Exercise objective —
For every record beneath this instruction, give an exact repetition, omitting images.

Material provided —
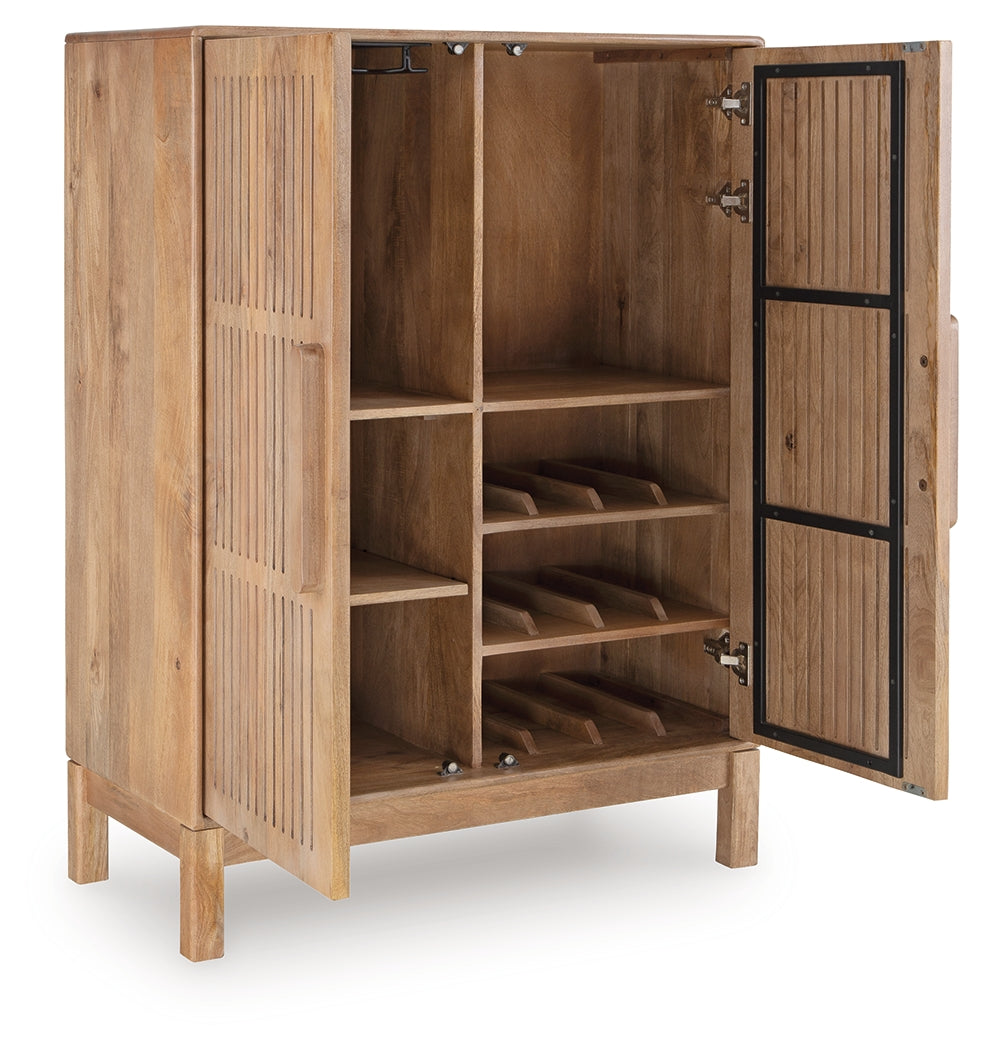 Pellamour Natural Brown Bar Cabinet by Ashley at Eve Furniture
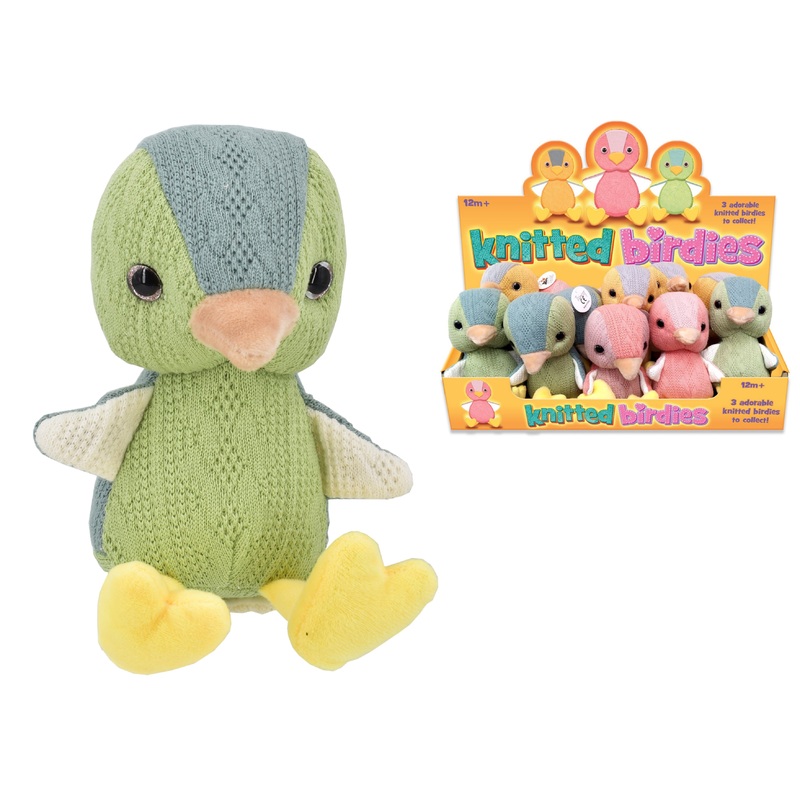 Adorable 14cm Knitted Birdies in Display Box  the Cutest Knit Bird Decor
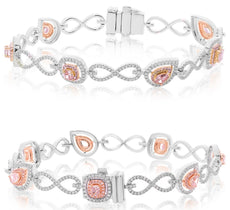 3.0CT WHITE & PINK DIAMOND 18KT WHITE & ROSE GOLD MULTI SHAPE & ROUND BRACELET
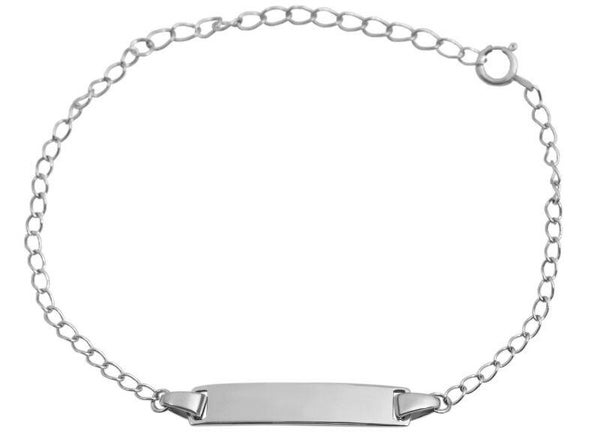 925/- Echt Silber Armband "Biserka" mit gravurfähiger Identplatte, 925/ rhodiniert, 13+4 cm 5340001-001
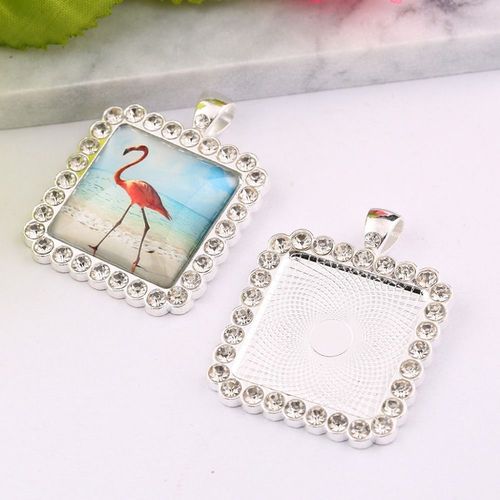 Cadre  Strass En Cristal, Cabochon, Paramtres De Base, Pendentif Blanc Carr 25mm, Rsultats De Lunette, 3 Pices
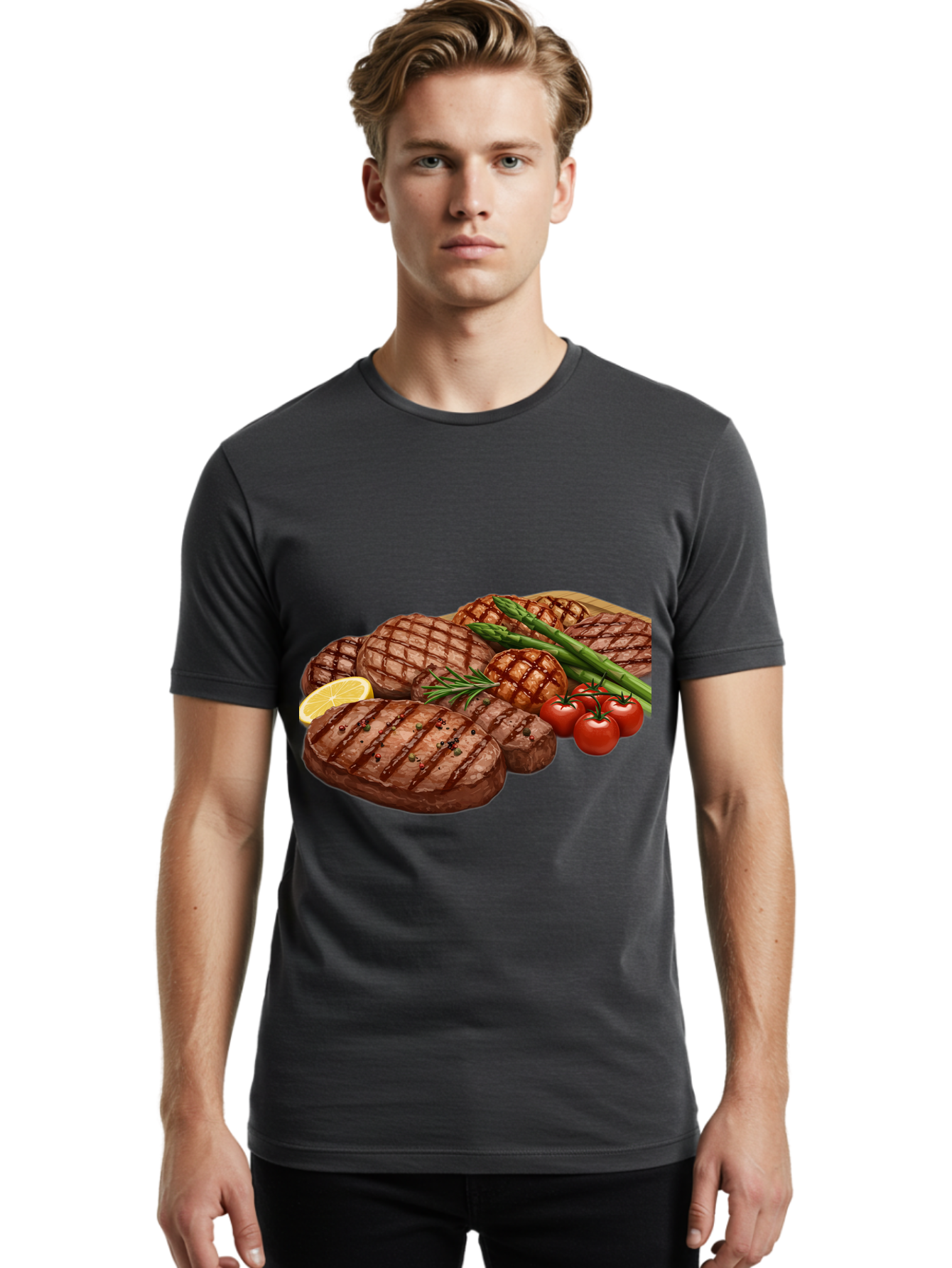 Grilled-Steak-Dinner Men'S Graphic Tee, 100% Cotton, Comfortable Casual Summer Wear, Machine Washable, Grilled Steaks, Steak Dinner, Barbecue, Grilled Vegetables, Asparagus, Tomatoes, Rosemary, Lemon, Savory Flavors, Gourmet Cuisine, Bac016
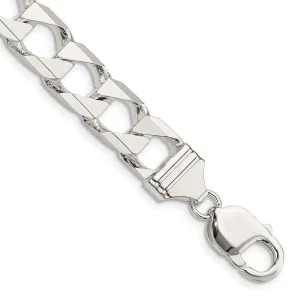 Sterling Silver 10.3mm Flat Open Curb Chain Bracelet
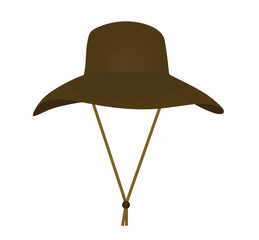 Brown fishing hat. vector illustration
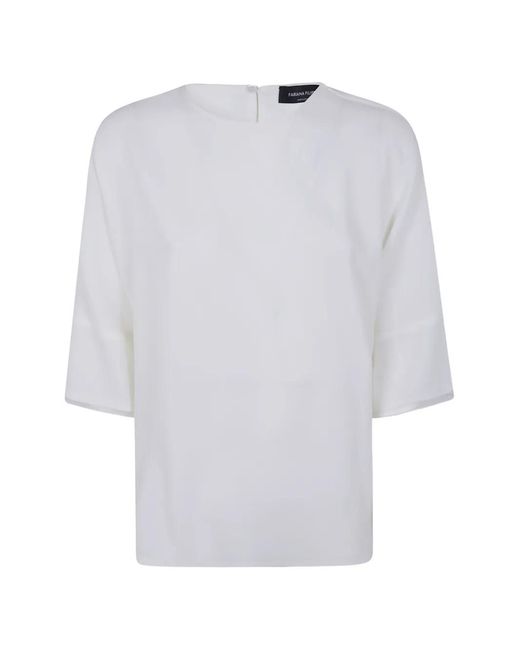 Fabiana Filippi White Chain-Trim Three-Quarter Sleeve Blouse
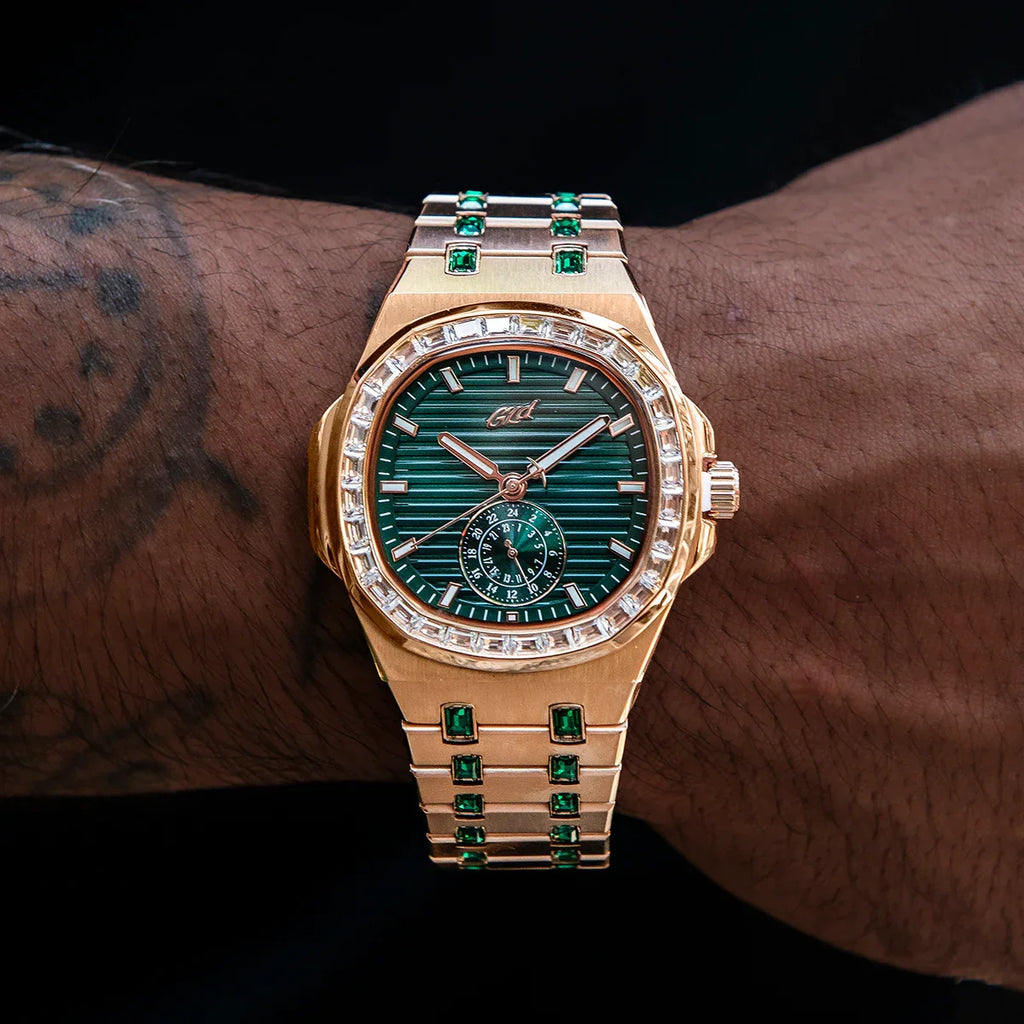 39MM Visionary Iced Emerald Stone Steel Band Watch - Rose Gold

Task answer —
 Pellamour Natural Brown Bar Cabinet by Ashley at Eve Furniture
 Adorable 14cm Knitted Birdies in Display Box  the Cutest Knit Bird Decor
 3.0CT WHITE & PINK DIAMOND 18KT WHITE & ROSE GOLD MULTI SHAPE & ROUND BRACELET
 925/- Echt Silber Armband "Biserka" mit gravurfähiger Identplatte, 925/ rhodiniert, 13+4 cm 5340001-001
 Cadre  Strass En Cristal, Cabochon, Paramtres De Base, Pendentif Blanc Carr 25mm, Rsultats De Lunette, 3 Pices
 Grilled-Steak-Dinner Men'S Graphic Tee, 100% Cotton, Comfortable Casual Summer Wear, Machine Washable, Grilled Steaks, Steak Dinner, Barbecue, Grilled Vegetables, Asparagus, Tomatoes, Rosemary, Lemon, Savory Flavors, Gourmet Cuisine, Bac016
 Sterling Silver 10.3mm Flat Open Curb Chain Bracelet
 Brown fishing hat. vector illustration
 Fabiana Filippi White Chain-Trim Three-Quarter Sleeve Blouse
 39MM Visionary Iced Emerald Stone Steel Band Watch - Rose Gold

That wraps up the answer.